Ask the Expert: Interrupting Free Play
by Shannon Ford, Paths to QUALITY Coach
As I walk into the preschool classroom, I see children organized neatly in learning centers during free play; some are playing with the blocks, some are cooking dinner in home living, some are creating a collage at the table, and the others are squeezing and rolling play dough. Conversations are comfortable and children are engaged.
Then IT happens. The buzzer on the timer goes off and the children must now move one center to their left. Moans and groans are heard, towers are knocked over loudly, scaring the children who are cleaning up their collage materials, one boy begins to cry because he just put on the doctor’s coat, and two girls begin arguing about who will be the mom when they get to the home living center. The teacher sets the timer for 15 minutes and the children begin to explore and create as they did 15 minutes before.
Scenes like this are playing out in classrooms across the state as teachers continue to interrupt play. But do teachers (and parents, for that matter) understand what happens when play is interrupted?

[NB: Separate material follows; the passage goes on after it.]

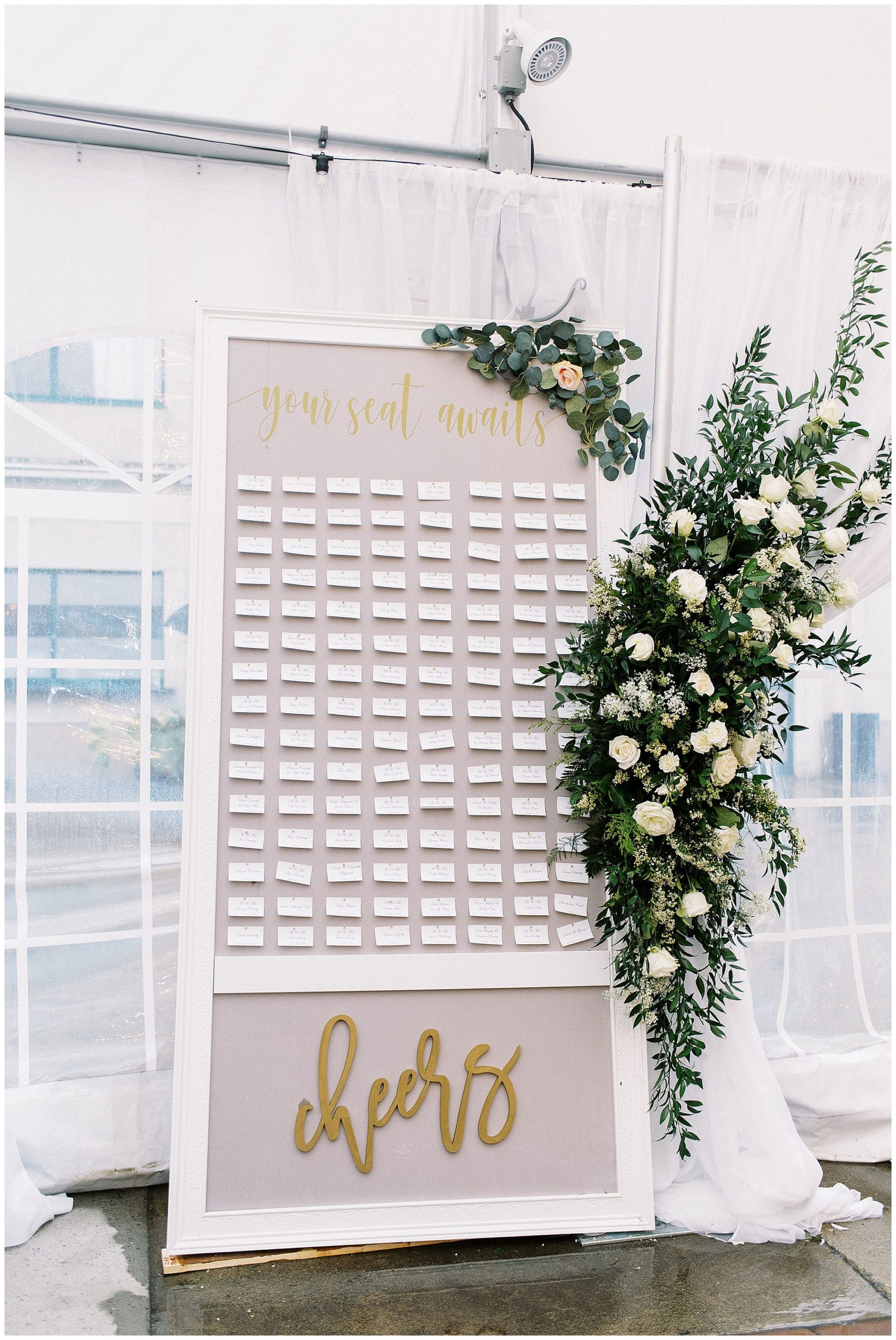 gold and gray seating chart with florals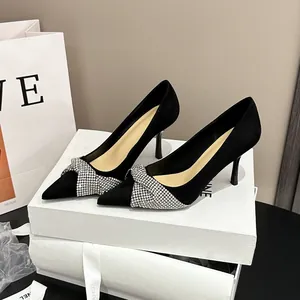 Elegant black suede pointed toe high heel pumps featuring a sparkling rhinestone bow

When we interrupt play, we are telling the children that what I (as the teacher or parent) have planned for you is more important than what children are currently doing. It tells the children that they’ve had plenty of time to build that block tower and they should be done by now. Engagement and creativity are hindered. Problem solving and critical dialogue becomes stalled.
I’m trying to put myself, in my adult role, in the children’s shoes. Imagine me, sitting at my desk checking my emails. I’m responding to a teacher who has a 4 year-old who won’t stay quiet during naptime. All of the sudden, my boss comes in and blows a whistle. She says, “Ok, Shannon, time to get working on that Child Care Online profile.” My mind begins racing: Are you kidding me? But I’m not done; I haven’t answered the teacher’s question. I have 37 more emails to check. But no, my time is up and I must now work on something dictated by someone else. I have been totally interrupted. I am moaning and groaning. I am upset. I am anxious. I am worried. I am stressed. I had such great ideas to share with that teacher. Now I have to work on this Child Care Online profile, which is so boring. Why can’t I just keep responding to my emails?
Long periods of uninterrupted free play give children time to fulfill their needs. Uninterrupted play helps a child feel safe and respected; it helps children trust the adults in their classroom. Finally, uninterrupted play shows children that their ideas matter and they are valued in this classroom community which teachers work so hard to create. Why in the world would we want to interrupt that?